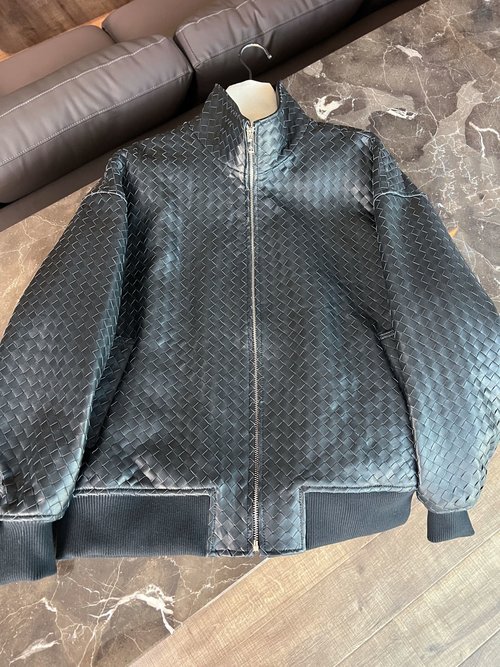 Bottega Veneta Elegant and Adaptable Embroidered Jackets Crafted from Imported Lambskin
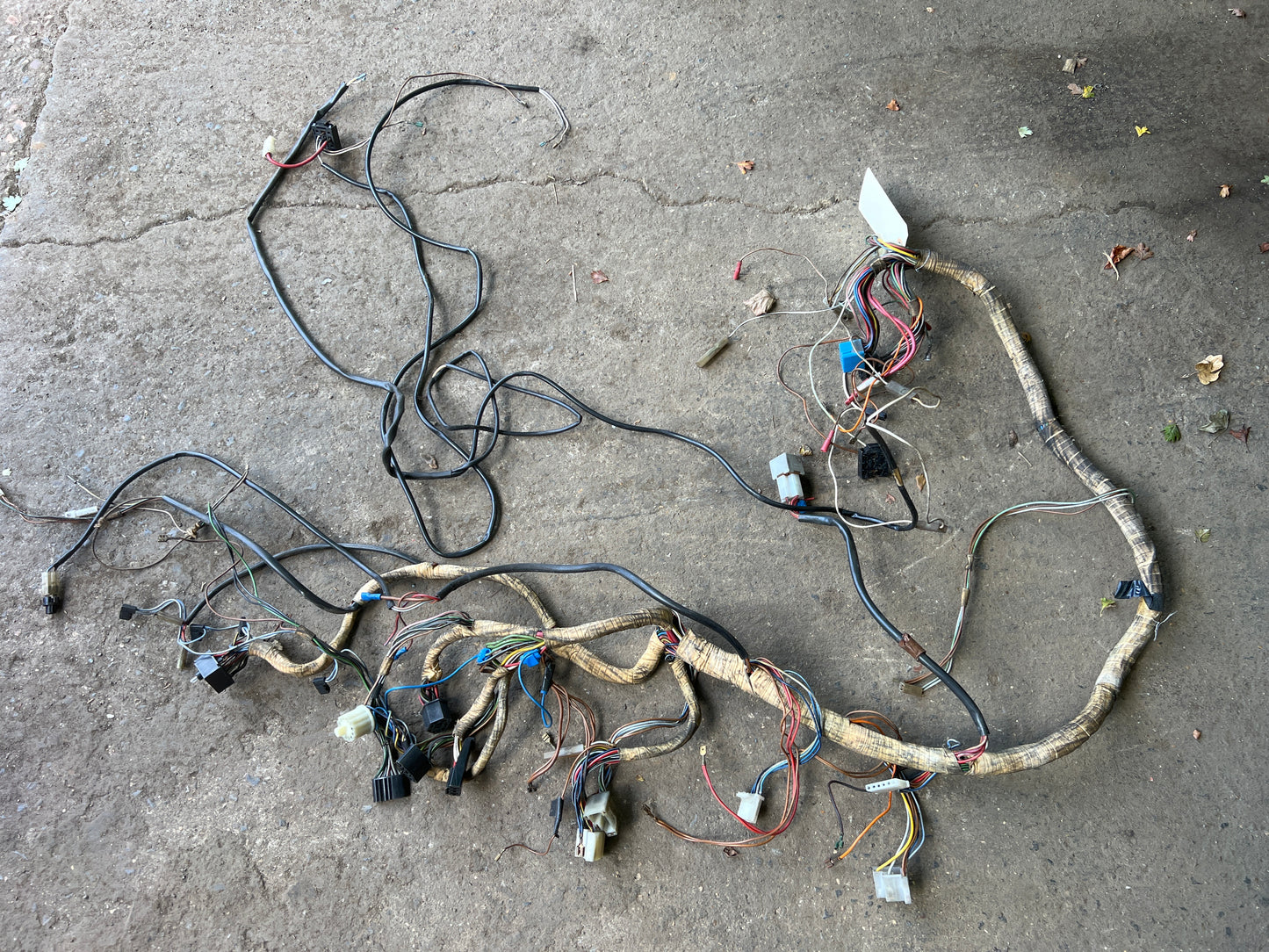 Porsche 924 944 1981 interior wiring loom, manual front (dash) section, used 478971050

- - - - -

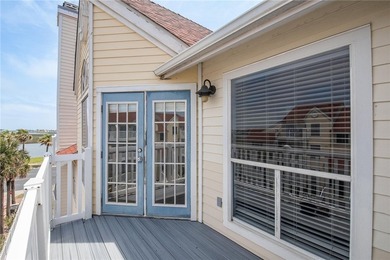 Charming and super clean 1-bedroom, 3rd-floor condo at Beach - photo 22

- - - - -

*Exercise brief*. In the material above, the stretch from the line with "Bottega Veneta Elegant" through the line with "Porsche 924 944" is to be given again exactly, minus the pictures.

*Result below*.
 Bottega Veneta Elegant and Adaptable Embroidered Jackets Crafted from Imported Lambskin
 Porsche 924 944 1981 interior wiring loom, manual front (dash) section, used 478971050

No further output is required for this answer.